Before you read this post, make sure you had read this:
Why Mutual Funds Are Lousy Long-Term Investments

I couldn’t agree more with the article. For your information, I am a big fan of Robert T. Kiyosaki. I read most of his books.

The article concludes that “are you an active investor or passive?”.
If you are an active one, unit trust is really not your piece of cake.
If you are a passive investor, is there any other better choice than unit trust?

Besides the initial 3-7% service charges which most contribute to the consultant’s commission and incentive trip for agent, there is trustee fees and management fees charged every year and calculated daily. Unit trust company earn big portion from the management fees – normally 1.5% p.a. depends on fund type.

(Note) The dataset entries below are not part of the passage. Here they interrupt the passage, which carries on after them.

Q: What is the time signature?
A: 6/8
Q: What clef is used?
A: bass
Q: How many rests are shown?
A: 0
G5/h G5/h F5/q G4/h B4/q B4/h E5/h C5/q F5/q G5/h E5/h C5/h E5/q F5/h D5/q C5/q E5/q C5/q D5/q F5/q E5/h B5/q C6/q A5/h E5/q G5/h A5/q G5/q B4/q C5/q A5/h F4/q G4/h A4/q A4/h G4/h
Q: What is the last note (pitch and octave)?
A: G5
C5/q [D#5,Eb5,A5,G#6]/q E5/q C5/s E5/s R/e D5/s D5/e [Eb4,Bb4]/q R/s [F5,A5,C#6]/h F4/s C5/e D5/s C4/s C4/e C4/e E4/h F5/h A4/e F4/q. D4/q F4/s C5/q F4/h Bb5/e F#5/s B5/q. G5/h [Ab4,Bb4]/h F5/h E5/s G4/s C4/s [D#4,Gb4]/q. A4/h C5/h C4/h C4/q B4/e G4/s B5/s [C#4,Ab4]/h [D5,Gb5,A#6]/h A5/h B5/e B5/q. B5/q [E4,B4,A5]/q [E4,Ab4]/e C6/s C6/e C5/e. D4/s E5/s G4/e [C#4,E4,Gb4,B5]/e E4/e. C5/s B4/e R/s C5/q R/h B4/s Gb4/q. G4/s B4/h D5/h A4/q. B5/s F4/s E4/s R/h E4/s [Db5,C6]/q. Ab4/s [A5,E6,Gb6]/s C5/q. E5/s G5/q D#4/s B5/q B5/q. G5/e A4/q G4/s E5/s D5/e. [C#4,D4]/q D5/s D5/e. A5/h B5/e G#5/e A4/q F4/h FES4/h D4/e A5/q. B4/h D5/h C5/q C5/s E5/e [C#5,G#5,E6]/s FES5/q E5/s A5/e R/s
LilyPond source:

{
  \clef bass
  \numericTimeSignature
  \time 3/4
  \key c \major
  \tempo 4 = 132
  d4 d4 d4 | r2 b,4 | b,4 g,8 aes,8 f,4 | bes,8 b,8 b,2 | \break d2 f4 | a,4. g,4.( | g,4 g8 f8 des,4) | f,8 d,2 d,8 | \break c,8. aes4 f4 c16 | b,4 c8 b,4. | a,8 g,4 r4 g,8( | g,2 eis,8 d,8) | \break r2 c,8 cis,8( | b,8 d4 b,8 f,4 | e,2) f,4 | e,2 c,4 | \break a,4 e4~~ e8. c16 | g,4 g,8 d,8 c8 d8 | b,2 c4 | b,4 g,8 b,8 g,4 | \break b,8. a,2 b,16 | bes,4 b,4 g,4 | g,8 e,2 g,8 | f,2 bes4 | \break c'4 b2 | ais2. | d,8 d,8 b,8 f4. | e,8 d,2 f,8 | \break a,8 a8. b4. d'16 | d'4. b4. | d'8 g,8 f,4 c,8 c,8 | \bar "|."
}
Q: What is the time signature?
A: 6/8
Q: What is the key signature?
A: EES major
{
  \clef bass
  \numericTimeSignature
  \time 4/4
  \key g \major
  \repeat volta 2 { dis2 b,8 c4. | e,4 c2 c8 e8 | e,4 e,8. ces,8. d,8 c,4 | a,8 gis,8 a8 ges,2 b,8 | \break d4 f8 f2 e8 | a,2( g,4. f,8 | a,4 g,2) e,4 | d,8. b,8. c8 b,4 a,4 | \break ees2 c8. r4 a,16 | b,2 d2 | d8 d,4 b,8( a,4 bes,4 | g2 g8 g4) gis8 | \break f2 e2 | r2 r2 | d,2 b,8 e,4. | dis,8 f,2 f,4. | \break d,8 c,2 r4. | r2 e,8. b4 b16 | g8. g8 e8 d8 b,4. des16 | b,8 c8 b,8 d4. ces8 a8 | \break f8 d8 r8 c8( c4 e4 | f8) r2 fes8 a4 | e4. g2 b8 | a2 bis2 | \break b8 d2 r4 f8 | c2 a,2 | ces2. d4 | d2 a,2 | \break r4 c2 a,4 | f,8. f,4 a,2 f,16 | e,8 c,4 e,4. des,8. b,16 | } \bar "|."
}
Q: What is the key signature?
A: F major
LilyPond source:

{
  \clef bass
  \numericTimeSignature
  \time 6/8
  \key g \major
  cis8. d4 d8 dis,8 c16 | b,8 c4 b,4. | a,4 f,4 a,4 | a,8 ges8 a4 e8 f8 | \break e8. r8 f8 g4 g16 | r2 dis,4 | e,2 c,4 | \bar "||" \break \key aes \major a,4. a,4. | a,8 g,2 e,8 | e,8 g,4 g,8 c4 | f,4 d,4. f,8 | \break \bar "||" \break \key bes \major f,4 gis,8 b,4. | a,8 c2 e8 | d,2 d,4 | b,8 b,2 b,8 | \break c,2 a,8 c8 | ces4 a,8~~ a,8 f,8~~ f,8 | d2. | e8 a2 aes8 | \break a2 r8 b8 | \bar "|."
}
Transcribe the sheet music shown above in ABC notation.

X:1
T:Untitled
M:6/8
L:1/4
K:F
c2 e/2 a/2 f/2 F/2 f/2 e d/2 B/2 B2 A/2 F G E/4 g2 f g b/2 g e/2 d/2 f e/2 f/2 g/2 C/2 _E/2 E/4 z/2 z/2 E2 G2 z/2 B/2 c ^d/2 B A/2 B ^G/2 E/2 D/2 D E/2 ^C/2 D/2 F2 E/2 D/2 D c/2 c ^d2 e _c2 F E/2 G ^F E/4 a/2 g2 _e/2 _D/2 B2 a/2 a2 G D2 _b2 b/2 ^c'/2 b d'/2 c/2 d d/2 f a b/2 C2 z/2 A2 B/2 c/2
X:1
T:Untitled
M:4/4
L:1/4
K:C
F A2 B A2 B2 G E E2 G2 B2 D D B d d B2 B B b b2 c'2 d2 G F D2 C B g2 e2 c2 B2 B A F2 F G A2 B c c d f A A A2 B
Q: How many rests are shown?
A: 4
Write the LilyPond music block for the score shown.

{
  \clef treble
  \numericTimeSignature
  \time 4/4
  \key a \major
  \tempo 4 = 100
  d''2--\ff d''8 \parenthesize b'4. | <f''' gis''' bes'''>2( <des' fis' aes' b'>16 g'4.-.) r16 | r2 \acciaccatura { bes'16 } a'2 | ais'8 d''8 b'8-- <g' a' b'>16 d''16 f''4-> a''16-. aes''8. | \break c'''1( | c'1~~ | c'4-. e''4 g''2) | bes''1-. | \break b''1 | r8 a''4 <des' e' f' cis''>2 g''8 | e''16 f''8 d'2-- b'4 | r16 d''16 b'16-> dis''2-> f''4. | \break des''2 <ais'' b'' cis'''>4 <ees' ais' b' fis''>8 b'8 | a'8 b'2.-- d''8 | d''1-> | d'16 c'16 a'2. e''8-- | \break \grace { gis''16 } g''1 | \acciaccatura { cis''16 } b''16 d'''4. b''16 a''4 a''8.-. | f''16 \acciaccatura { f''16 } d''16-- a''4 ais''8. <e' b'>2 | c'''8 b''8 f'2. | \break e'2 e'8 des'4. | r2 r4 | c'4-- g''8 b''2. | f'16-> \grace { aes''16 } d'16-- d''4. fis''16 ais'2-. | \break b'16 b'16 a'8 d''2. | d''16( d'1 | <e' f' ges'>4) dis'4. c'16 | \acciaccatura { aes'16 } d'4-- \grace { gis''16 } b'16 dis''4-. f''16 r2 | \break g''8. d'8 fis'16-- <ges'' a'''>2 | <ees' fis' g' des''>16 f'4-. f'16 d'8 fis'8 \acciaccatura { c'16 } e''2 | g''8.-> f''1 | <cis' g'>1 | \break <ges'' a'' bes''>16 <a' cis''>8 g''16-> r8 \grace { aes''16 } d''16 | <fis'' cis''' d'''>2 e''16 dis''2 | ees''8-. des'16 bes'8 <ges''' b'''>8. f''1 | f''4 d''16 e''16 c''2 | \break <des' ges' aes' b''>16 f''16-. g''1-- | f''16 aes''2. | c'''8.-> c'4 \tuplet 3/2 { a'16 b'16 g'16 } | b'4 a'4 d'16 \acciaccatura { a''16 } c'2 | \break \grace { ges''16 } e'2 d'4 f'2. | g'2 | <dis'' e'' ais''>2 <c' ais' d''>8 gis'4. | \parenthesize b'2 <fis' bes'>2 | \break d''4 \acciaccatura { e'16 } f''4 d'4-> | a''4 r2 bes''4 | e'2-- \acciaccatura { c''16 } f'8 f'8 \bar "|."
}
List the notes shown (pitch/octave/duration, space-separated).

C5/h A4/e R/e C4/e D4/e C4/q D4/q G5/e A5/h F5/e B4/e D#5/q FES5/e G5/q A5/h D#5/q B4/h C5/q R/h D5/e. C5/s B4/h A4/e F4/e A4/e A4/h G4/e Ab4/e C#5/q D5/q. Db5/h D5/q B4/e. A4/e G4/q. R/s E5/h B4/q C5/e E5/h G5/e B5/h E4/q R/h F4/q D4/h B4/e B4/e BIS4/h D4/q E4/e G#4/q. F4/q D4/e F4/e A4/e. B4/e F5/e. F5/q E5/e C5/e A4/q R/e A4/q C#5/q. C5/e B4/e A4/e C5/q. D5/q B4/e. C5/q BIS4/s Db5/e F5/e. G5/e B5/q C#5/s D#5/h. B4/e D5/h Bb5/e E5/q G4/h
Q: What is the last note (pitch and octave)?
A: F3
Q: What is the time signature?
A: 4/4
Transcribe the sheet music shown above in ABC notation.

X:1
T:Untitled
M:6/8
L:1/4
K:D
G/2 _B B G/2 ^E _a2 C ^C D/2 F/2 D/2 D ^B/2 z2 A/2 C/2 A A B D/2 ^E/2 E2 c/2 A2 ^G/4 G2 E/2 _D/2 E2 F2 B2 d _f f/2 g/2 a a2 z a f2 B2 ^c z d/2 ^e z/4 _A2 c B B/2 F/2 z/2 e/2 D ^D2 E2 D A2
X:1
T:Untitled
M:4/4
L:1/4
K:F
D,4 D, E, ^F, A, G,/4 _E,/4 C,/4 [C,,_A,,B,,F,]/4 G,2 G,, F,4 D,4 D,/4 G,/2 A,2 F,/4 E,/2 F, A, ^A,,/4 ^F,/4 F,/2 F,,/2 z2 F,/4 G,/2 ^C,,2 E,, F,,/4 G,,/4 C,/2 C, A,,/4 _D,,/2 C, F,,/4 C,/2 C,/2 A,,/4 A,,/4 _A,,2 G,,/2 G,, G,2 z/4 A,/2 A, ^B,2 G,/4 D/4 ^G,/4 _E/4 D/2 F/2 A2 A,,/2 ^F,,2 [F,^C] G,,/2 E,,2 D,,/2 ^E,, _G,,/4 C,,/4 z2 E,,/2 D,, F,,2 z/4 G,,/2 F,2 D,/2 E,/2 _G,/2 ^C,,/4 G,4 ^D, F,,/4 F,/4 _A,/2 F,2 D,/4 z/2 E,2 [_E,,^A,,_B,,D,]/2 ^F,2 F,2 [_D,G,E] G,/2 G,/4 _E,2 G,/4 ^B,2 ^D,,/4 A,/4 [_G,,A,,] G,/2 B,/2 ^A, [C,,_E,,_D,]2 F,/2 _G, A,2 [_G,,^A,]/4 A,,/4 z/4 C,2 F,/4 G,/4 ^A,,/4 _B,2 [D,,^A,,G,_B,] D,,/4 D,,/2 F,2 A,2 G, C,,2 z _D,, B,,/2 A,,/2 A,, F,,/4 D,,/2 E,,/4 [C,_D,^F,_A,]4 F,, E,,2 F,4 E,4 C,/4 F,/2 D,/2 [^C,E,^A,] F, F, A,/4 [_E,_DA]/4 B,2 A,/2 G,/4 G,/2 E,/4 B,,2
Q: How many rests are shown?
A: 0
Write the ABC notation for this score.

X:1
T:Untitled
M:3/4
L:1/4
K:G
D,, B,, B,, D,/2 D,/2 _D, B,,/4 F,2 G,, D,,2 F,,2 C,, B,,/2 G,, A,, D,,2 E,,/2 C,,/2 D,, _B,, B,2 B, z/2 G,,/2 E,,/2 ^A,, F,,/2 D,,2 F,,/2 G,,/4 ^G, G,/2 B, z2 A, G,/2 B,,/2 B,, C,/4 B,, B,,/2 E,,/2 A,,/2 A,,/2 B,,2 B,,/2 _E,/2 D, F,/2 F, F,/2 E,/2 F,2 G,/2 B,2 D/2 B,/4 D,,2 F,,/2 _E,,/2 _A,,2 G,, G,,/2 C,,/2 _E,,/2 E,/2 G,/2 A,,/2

In order to make better gain and profit, unit trust company must increase their fund size or asset under management, which is through:
1. increase fund size by making more sales through their agent force.
2. launch new fund to attract more investors.
3. make sure the existing fund grows with proper investment strategy.

I consider it i a win-win situation. When the funds appreciate, investor wins with higher return, unit trust company also wins because they can earn more management fees.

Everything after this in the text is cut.